Minha ida e volta à Copacabana, no Lago Titicaca, foi regida pela ameaça e subsequente efetivação de greves e bloqueios de estrada. A razão? Um sensato decreto do governo nacional reforçando a regulamentação e monitoramento dos motoristas e companhias de transporte. O tal decreto prevê que os donos de veículos dirigidos por pessoas bêbadas e que causarem acidentes, não poderão utilizar o veículo como meio de transporte por 1 ano, em uma primeira infração, e definitivamente em uma segunda infração. O problema está que em relação ao trasporte intra-departamental, que é normalmente feito em micros, vans e outros pequenos veículos, o dono ou é o motorista ou tem só aquele veículo. A perda do uso do mesmo implicaria na falência da pequena empresa, e na incapacidade de trazer sustento para suas famílias. Mas a pergunta ainda fica: Que tal não dirigirem bêbados? O que me espanta é a coragem destes motoristas de saírem às ruas, de alguma maneira justificando a possibilidade do motorista estar bêbado, para reclamarem seus direitos de classe.

Assim, na política. No meio desta confusão toda, o partido do governo, o MAS – Movimiento al Socialismo, está dividido. Um de seus mais importantes membros, Félix Patzi, ex-ministro da educação do primeiro governo Morales, foi pego dirigindo bêbado. O problema era que Patzi, político extremamente popular com os campesinos e certos movimentos sociais, era candidato para o partido nas próximas eleições. Ele postulava à posição de governador do departamento de La Paz. A reação de Morales e de outros altos dirigentes do MAS foi a de pedir a Patzi que não se candidatasse, o que ele se negou a fazer. Estava cumprindo com as penas jurídica e comunitária – a qual envolveu fazer um número de tijolos de barro para a sua comunidade. Já havia pedido desculpas ao presidente, disse ele, e portanto, não via porque não poderia se candidatar. Aparentemente, disse, não era tanto por si, estaria contente de voltar a dar aulas na universidade - Patzi, intelectual aymara e militante do MAS, é professor de sociologia, mas a população o conclamava. A briga interna está acontecendo às claras. Como político e professor de sociologia, Patzi deveria dar o primeiro exemplo para sua sociedade, mas em um país onde é mais ou menos aceitável um motorista profissional dirigir bêbado, o que se espera de um motorista particular?
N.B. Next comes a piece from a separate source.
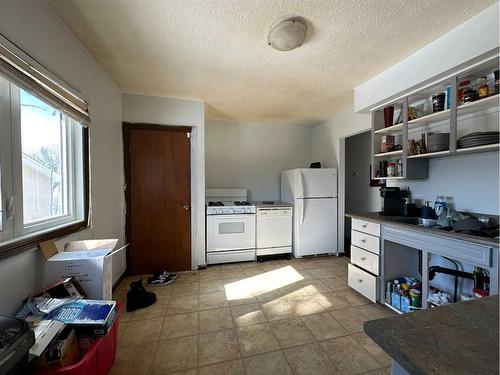 5109 49 Street, Olds, AB - Indoor Photo Showing Other Room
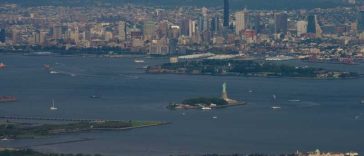 Revenirea balenelor în largul New Yorkului, amenințată de traficul maritim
Ponto de Partida de Movilidades - El Alto

Um comentário:

  1. Julia, liguei ontem para a casa do Ian e da Ana e falei com Phil, que comentou sobre seu blog. Li as entradas, que massa! vc escreve muito bem e seu estilo e muito divertido! Dá para imaginar as cenas... Bom, vou continuar seguindo as suas aventuras quando tiver um tempinho, no mais um abraço grande para vc e Teresa.